Но когда, после смерти Мусоргского, в театральную дирекцию было представлено другое крупное создание Мусоргского, его посмертная опера „Хованщина“, музыкальный комитет почти единогласно решил, что эту оперу принимать на сцену не должно. Тот самый капельмейстер, который так безобразно, по-свойски распоряжался с „Борисом Годуновым“, громогласно объявлял теперь, что „довольно, дескать, нам и одной радикальной оперы“. Члены комитета, товарищи и приятели капельмейстера или подчиненные ему во всем певцы и певицы, придакивали своему запевале и подавали голос против Мусоргского и его недоступного для них создания. Чего же и ожидать было от людей мало сведущих, вовсе не музыкальных и музыкально необразованных, а только практиков и рутинеров! Дело идет о новом роде и стиле музыки, а вопрос о том, чтоб „быть“ или „не быть“, вручен для решения людям, которые и в старом-то еще ничего не уразумеют, не то что в новом, вновь нарождающемся, еще не утвержденном привычкой и школой! Два члена комитета, настоящие музыканты, Н. А. Римский-Корсаков и Ц. А. Кюи, незадолго перед тем приглашенные в этот комитет, тотчас же вышли оттуда вон, говоря, что в таком собрании „им нечего делать“. И действительно, это была напрасная и странная попытка. Глубоко понимающих, истинно талантливых художников мудрено привести к одному взгляду, к одному образу мыслей, к одному понятию с низменными рутинерами и ординарными „практиками“. Телегу им не свезти вместе: „лебедь рвется в облака, рак пятится назад!“ Истинным музыкантам оставалось отряхнуть прах с ног своих — и уйти. Они так и сделали.

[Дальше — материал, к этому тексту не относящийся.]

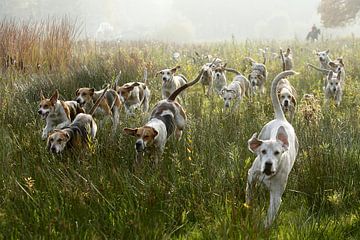 Foxhounds in actie van Wybrich Warns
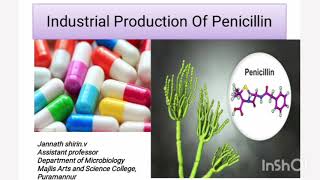 Penicillin productionIndustrial MicrobiologyFermentationRecoveryAntibiotic [upl. by Annaira]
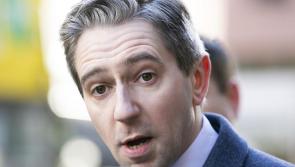 Taoiseach says he has "significant concerns" about University Hospital Limerick and overcrowding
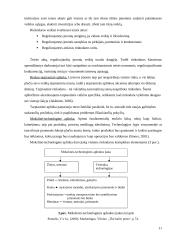 Organizacijos rinkodaros aplinka: kelionių organizatorius UAB "7 mylios" 11 puslapis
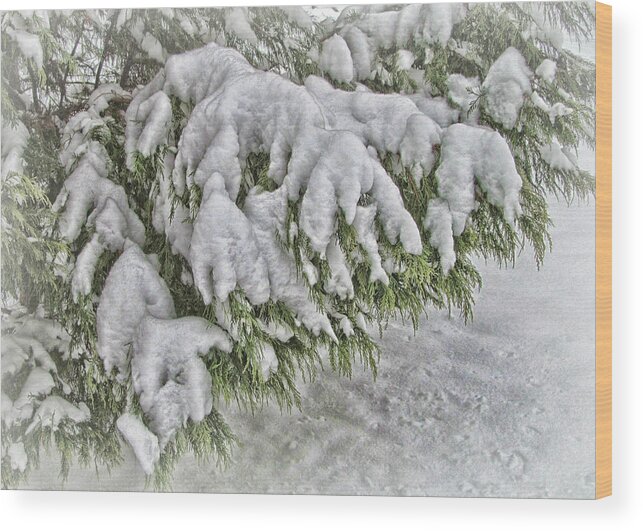 Victor Montgomery Wood Print featuring the photograph Snow On The Pine by Vic Montgomery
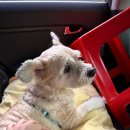 낮은굴뚝 애견펜션 | [낮은굴뚝 애견펜션] 태안 / 애견동반펜션 / 반려견 / 여행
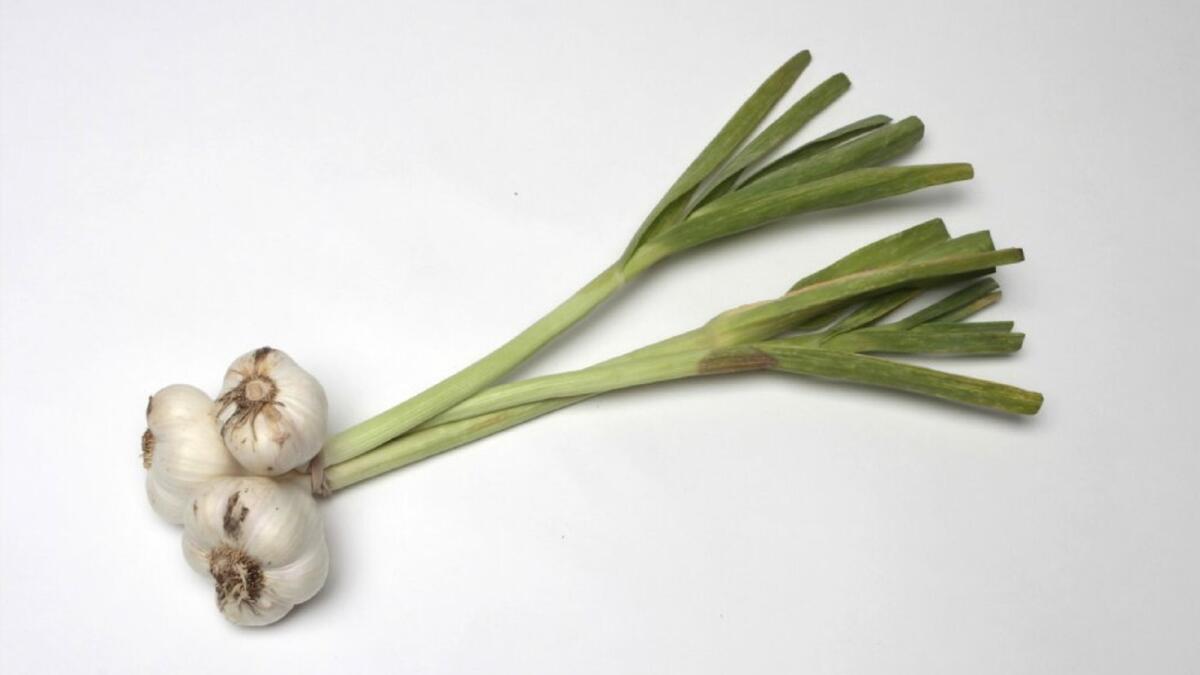 Green garlic.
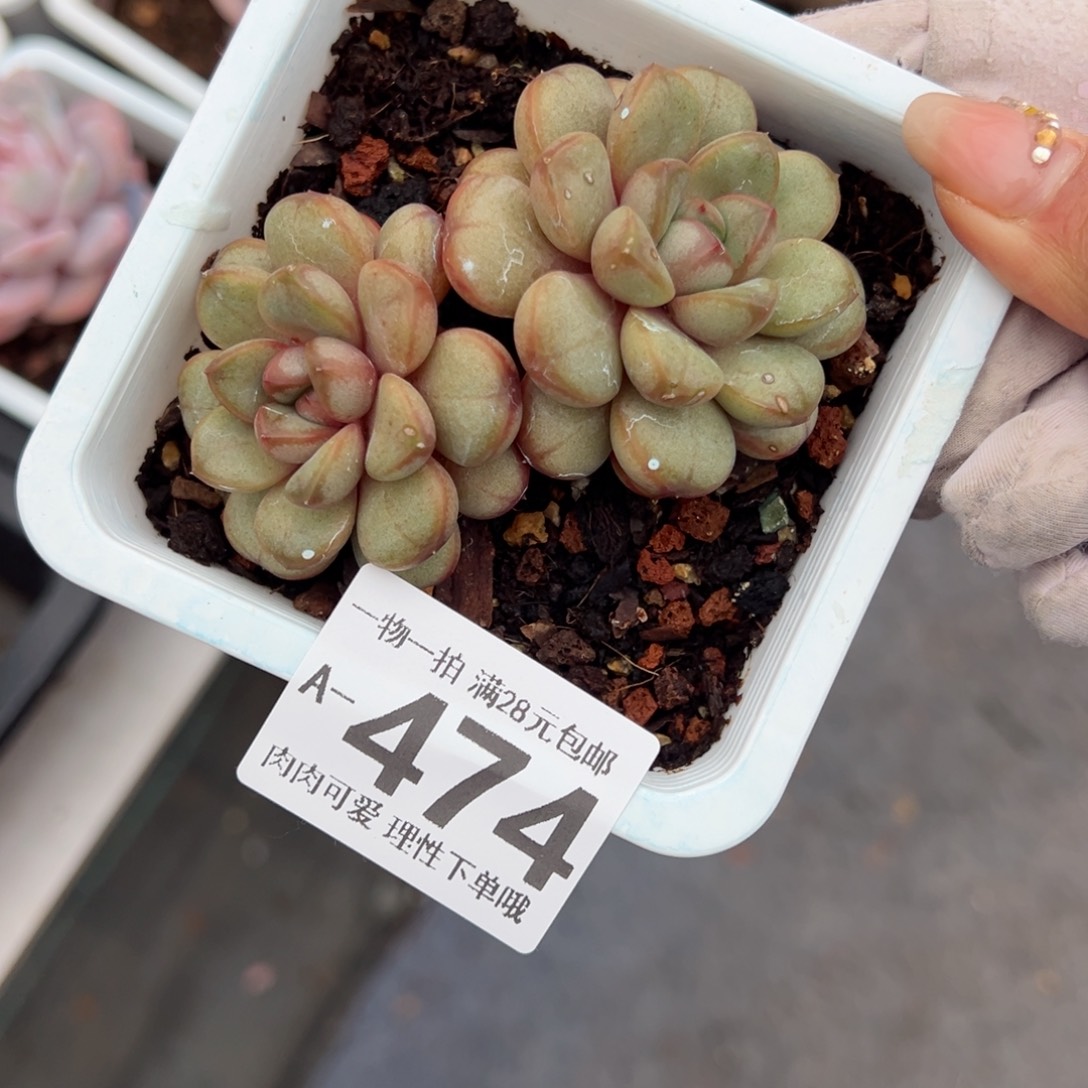 葡萄多肉多肉多肉多肉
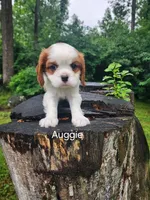 Auggie , a male Cavalier King Charles Spaniel for sale in Elverson, PA – 1 of 8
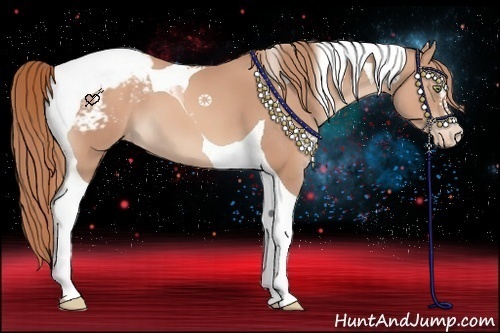 Horse Color:Gold Champagne Sabino Tobiano Appaloosa 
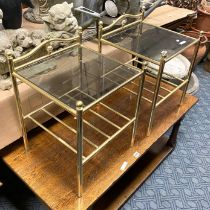 2 GLASS TOPPED TABLES WITH BRASS FRAME
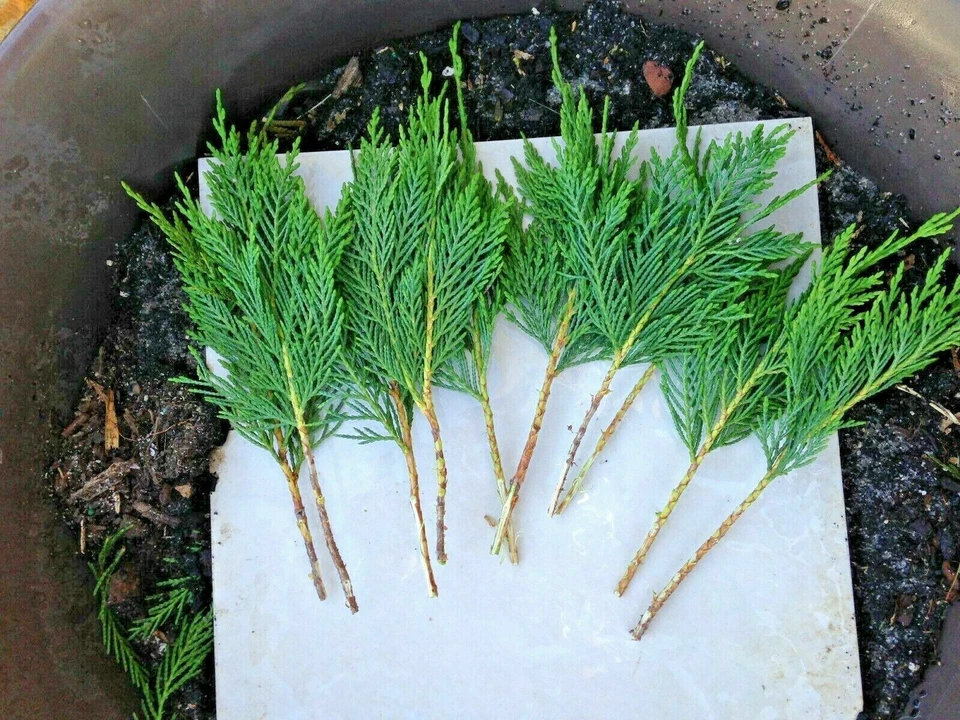 Leyland Cypress Tree Cuttings – 50 Unrooted Live Propagation Cuttings, 7–8 Inches, Evergreen Conifer, × Cuprocyparis leylandii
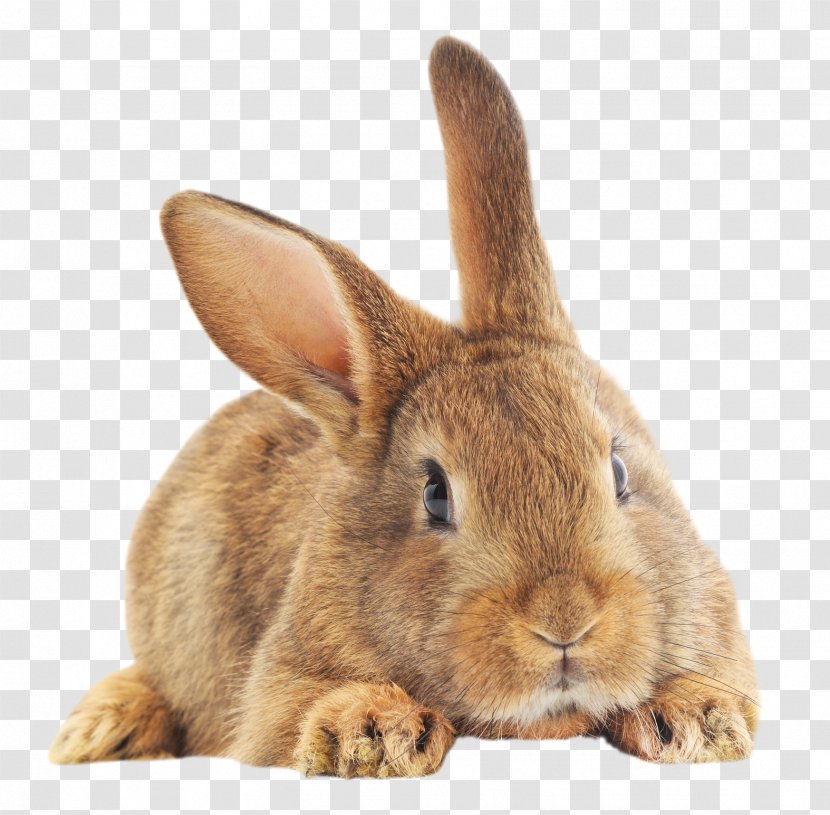 Domestic Rabbit European Easter Bunny Hare - Have Dreams Transparent PNG
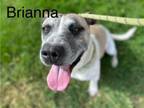 Adopt BRIANNA a Pit Bull Terrier, Mixed Breed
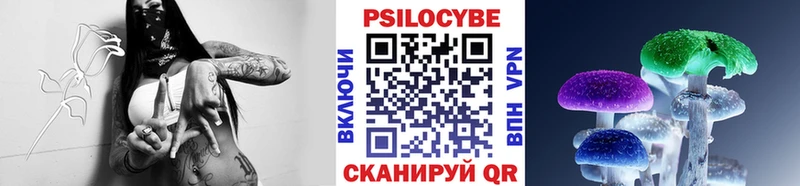 Купить где  Магадан  Псилоцибиновые грибы Cubensis 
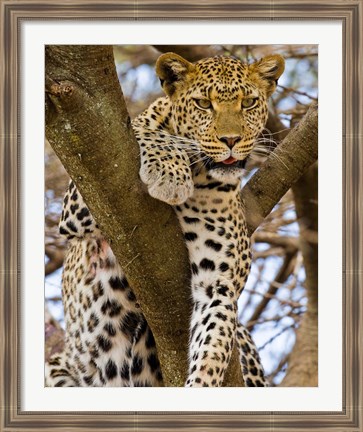 Framed Africa. Tanzania. Leopard in tree at Serengeti NP Print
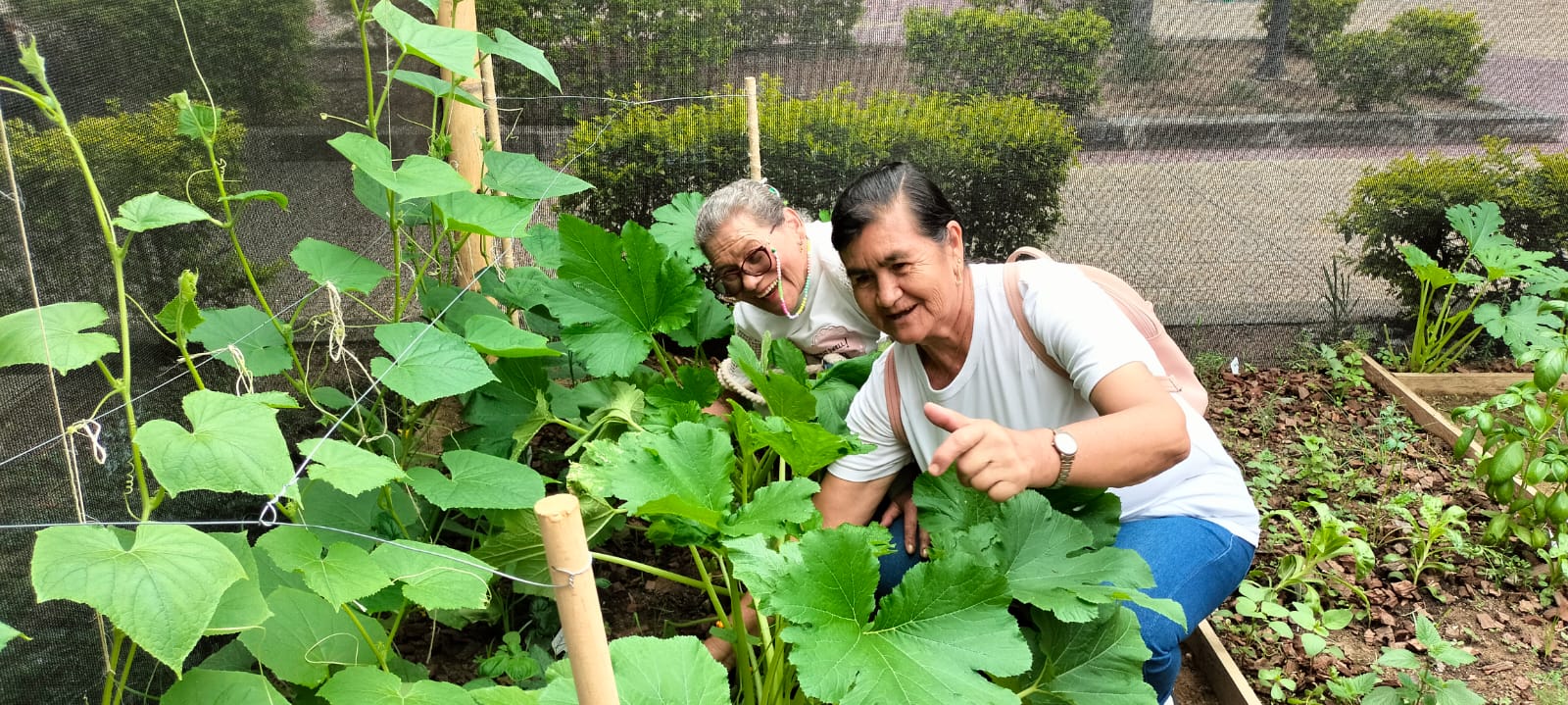 Sembrar para recordar: la huerta que empodera a los adultos mayores en Girón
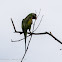 Red-breasted Parakeet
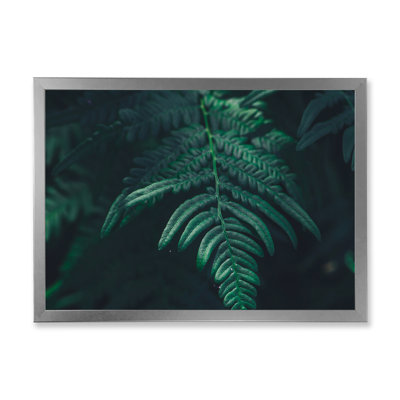 Feuille de fougère vert foncé sur fond noir - reproduction sur toile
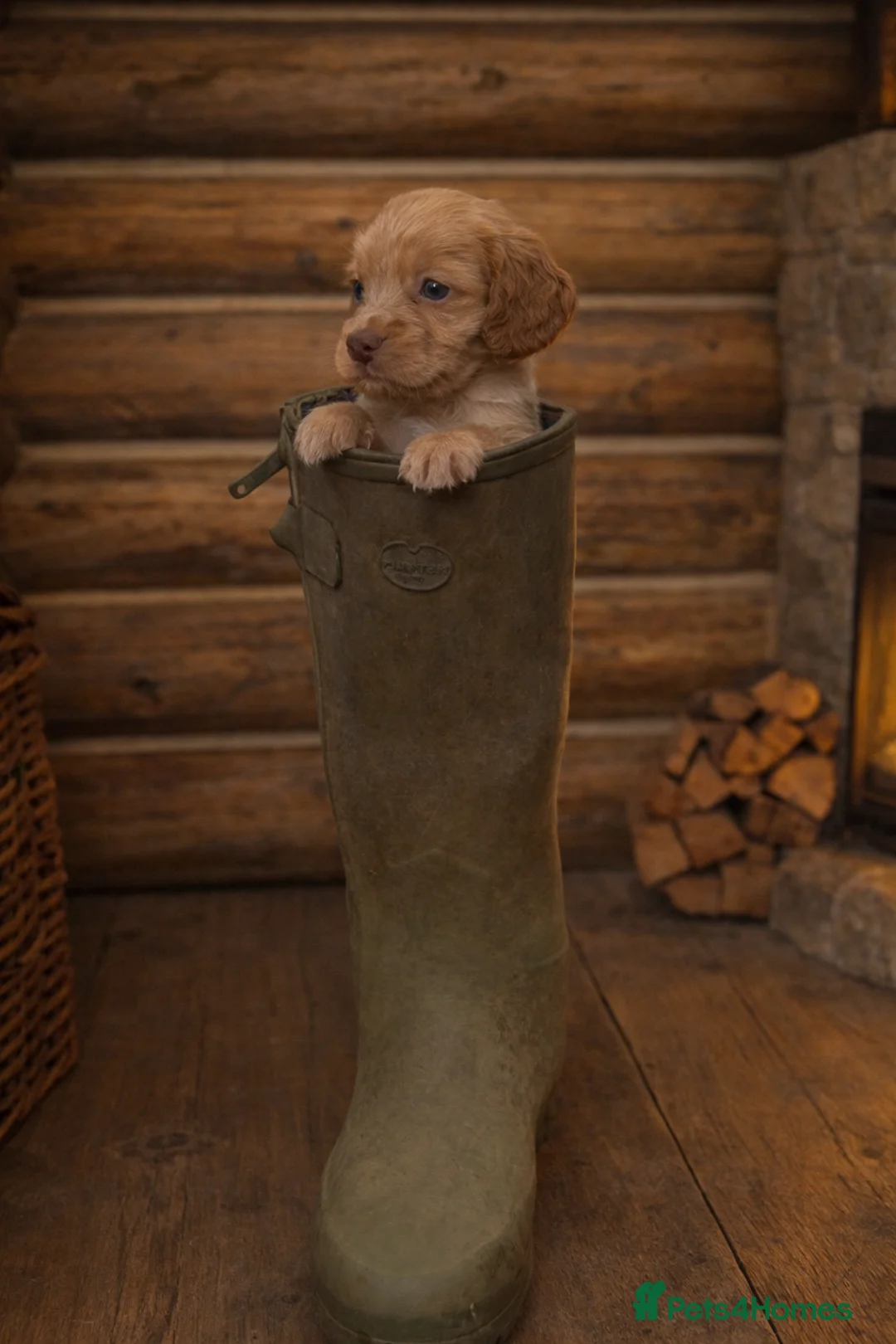 Cocker Spaniel dogs for sale: Lemon And Red Cocker Spaniel Pups in Fordingbridge - Advert 1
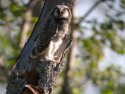Hawk Owl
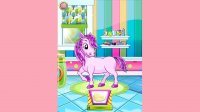 Pony Pet Salon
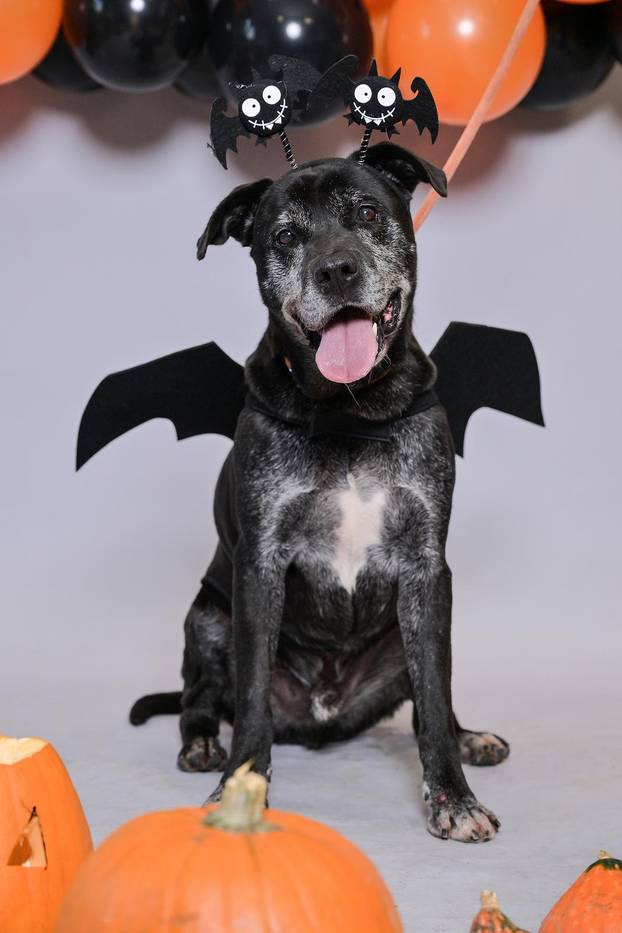 Sklonište u Dumovcu poziva na posebno jesensko udomljavanje pasa i mačaka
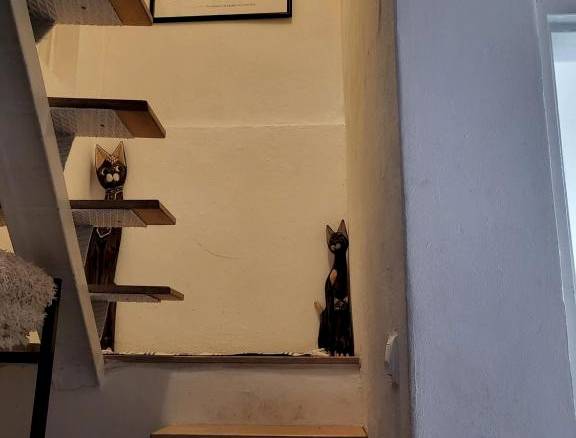 Horská chata v srdci Kremnických hôr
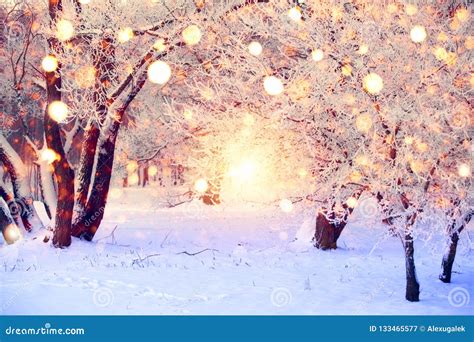 Winter Forest with Colorful Snowflakes. Snow Covered Trees with ...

С тех пор прошло целых пять лет. Никто на казенной сцене и не подумал, что есть у нас крупное талантливое создание, против которого мы виноваты, которому надо же когда-нибудь оказать справедливость, которое надо же вывести из позорной тюрьмы, присужденной ему невежеством и неразумием. Где, в каком краю Европы, опять-таки спрошу я, мыслимо что-нибудь подобное? Везде жаждут, ищут, просят новых созданий, жалуются на их недостаток, а то бы сейчас вывели их с радостью и торжеством на свет божий, — а у нас они и есть, да их душат и запирают на замок, им не дают выглянуть из позорных цепей и безумного изгнания. Мыслимо ли, например, чтоб в Германии утаивали и упорно запрещали бы давать на сцене которую-нибудь еще неигранную оперу Вагнера? У нас это вполне мыслимо, и никто не возмущен, никто не приходит в негодование. Все в порядке. Капельмейстеры и бессмысленные антихудожественные комитеты могут делать, что хотят.
Лишь с великим трудом и усилием удалось друзьям и почитателям Мусоргского поставить вторую оперу его на сцену, но и то только на маленькую, частную, где действующие лица — все только любители, еще не владеют, конечно, всеми художественными силами и средствами и не имеют возможности выполнить оперу много раз, постоянно, для всей массы публики, для всех сословий, для всего народа.
Но великая слава и честь этим благородным и великодушным любителям, поднявшим громадный труд, решившимся положить столько усилий, забот, даровитости на выполнение такого создания, которое вовсе не признано еще массами, которое есть попытка на новые задачи и на новое их выполнение, которое, значит, представляется чем-то еще рискованным, проблематичным.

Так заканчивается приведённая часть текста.